Updated: December 18, 2017 6:48:20 am
If wealth creation from equity markets is taken as an indicator of voter sentiment, the people of Gujarat could be expected to be happy — they would have benefitted significantly from the 70% rise in the Sensex and Nifty over the last four years. As per data from the Bombay Stock Exchange, Securities and Exchange Board of India (Sebi), and Association of Mutual Funds in India (AMFI), Gujarat, at 54.4 lakh, has the country’s second largest population of registered investors (after Maharashtra), and is third (after Maharashtra and Delhi) in terms of investments in equity schemes of mutual funds.
As many as 12 cities from Gujarat are in the list of 75 cities with the highest exposure to mutual funds.
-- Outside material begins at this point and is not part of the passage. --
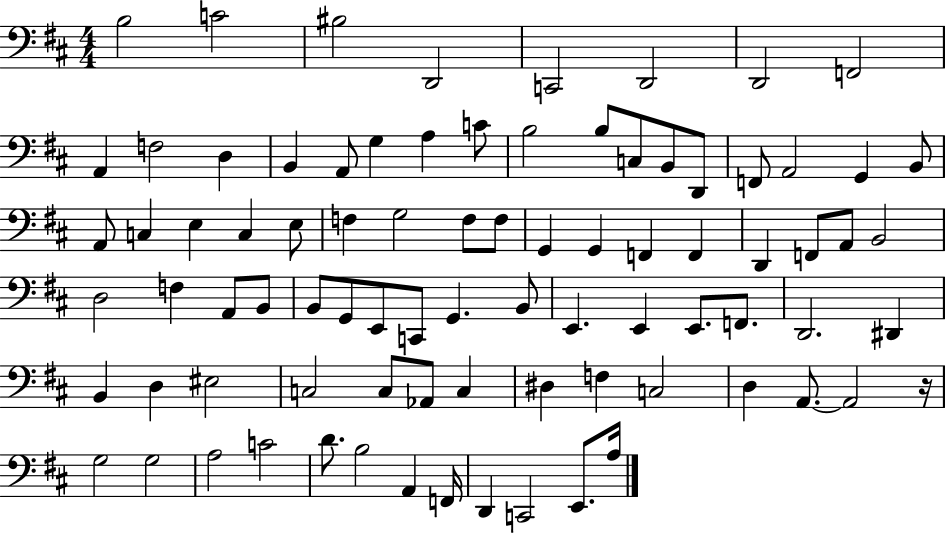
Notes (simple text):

B3/h C4/h BIS3/h D2/h C2/h D2/h D2/h F2/h A2/q F3/h D3/q B2/q A2/e G3/q A3/q C4/e B3/h B3/e C3/e B2/e D2/e F2/e A2/h G2/q B2/e A2/e C3/q E3/q C3/q E3/e F3/q G3/h F3/e F3/e G2/q G2/q F2/q F2/q D2/q F2/e A2/e B2/h D3/h F3/q A2/e B2/e B2/e G2/e E2/e C2/e G2/q. B2/e E2/q. E2/q E2/e. F2/e. D2/h. D#2/q B2/q D3/q EIS3/h C3/h C3/e Ab2/e C3/q D#3/q F3/q C3/h D3/q A2/e. A2/h R/s G3/h G3/h A3/h C4/h D4/e. B3/h A2/q F2/s D2/q C2/h E2/e. A3/s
And Gujarat is home to over 800 Sebi-registered equity brokers, the fourth highest among all states. (See charts below) Experts say that given the strength of this investor community, the rise in equity markets may well decide the fate of the Assembly election. “Investors who have made wealth would always want status quo on the political front. They know that a defeat for the BJP would lead to disruption, and that the market may not pick up again until 2019. They can be expected to have voted for continuity,” said C J George, managing director, Geojit Securities.
While a large share of the population trades directly at stock exchanges (about 9% of the state’s 2011 population of 6 crore), the community that invests in equities through mutual funds, too, is huge. According to AMFI data, as of October 2017, Gujarat accounted for Rs 66,800 crore worth of equity assets under management (AUM) — second only to Maharashtra (Rs 2.79 lakh crore) and Delhi (Rs 80,216 crore).
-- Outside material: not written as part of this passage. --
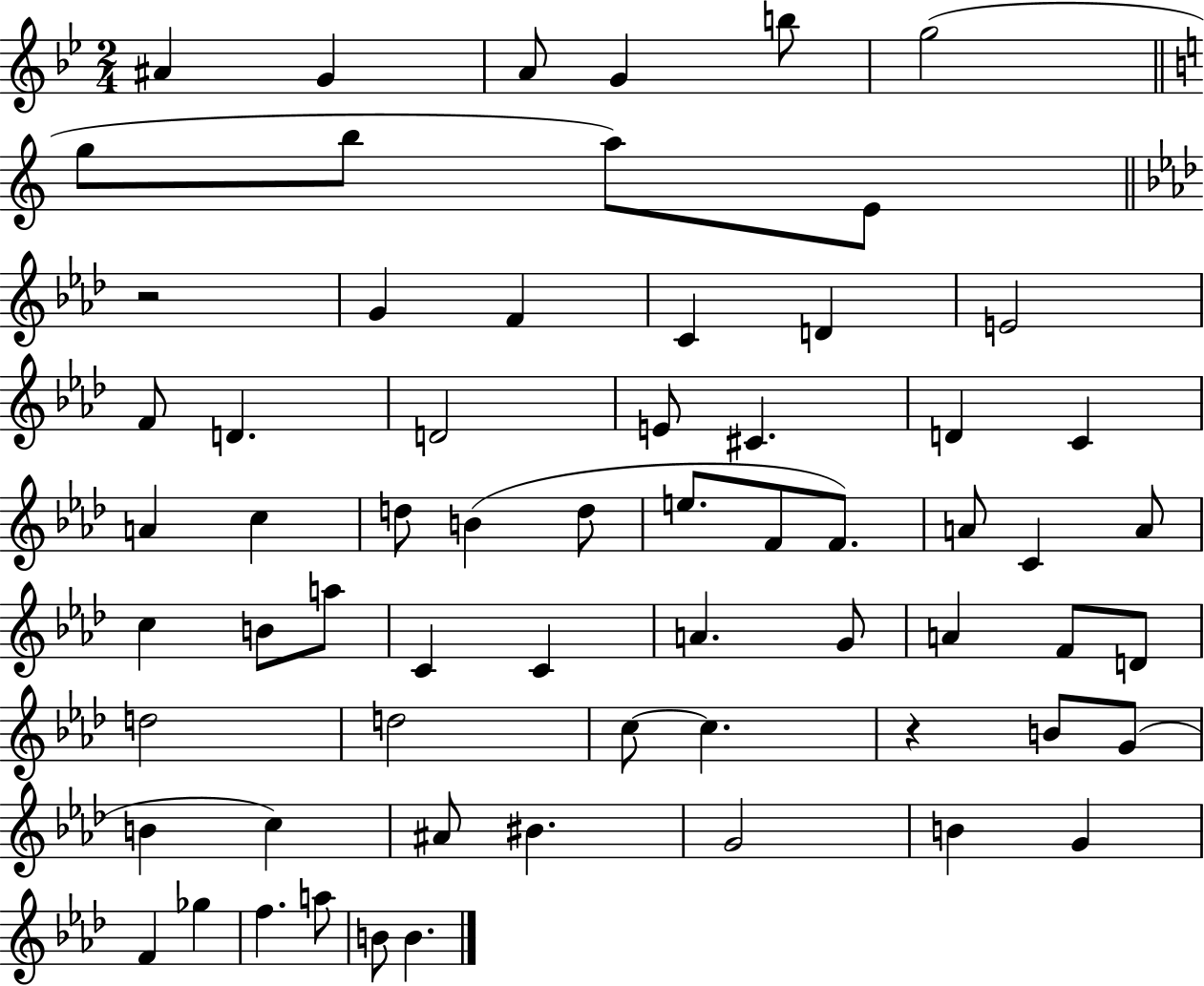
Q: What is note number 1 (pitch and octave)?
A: A#4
Nor is this investment limited to big cities such as Ahmedabad, Vadodara and Surat. The other cities in the list of 12 from Gujarat in the India list of the top 75, as per MF industry data for September 2017, are Rajkot, Mehsana, Jamnagar, Anand, Bhavnagar, Vapi, Navsari, Valsad and Bharuch. This is a remarkable spread — Maharashtra, by comparison, has only six cities in the top 75 that invest in mutual funds.
BSE data show that of a total 3.69 crore registered investors, Gujarat accounts for 54.4 lakh — almost 15% of the total. Much larger Maharashtra accounts for 82.2 lakh investors. It is also important to note that the pace of investor addition in Gujarat has been faster than in any of the top 10 states in the list. So, while Gujarat saw investor numbers rise by 16.95% over the last year, Maharashtra witnessed a growth of 11.68% and West Bengal, which has the third largest registered investor population of 24.79 lakh, grew at 12.5%. In Uttar Pradesh, Tamil Nadu and Delhi, next in line, the investor base grew by between 9% and 12%. According to BSE data, the registered investor base for the country as a whole grew by 13.1% over the last year.
In the numbers of Sebi-registered equity brokers, Gujarat is fourth after Maharashtra, West Bengal and Delhi. It has more than 825 brokers, while the numbers for the top three are over 1,750, around 1,250, and over 1,050 respectively. A rise in equity markets means more business for the broker community.
Since Narendra Modi was declared the BJP’s candidate for Prime Minister in September 2013, the benchmark Sensex has risen 70%. “Gujarat is a state with a developed equity culture, and investors are knowledgeable and educated. Even the Chief Minister of the state has been found involved in equity trading, and that shows how important the performance of equity markets is for the state,” said a senior official with a mutual fund who did not wish to be named.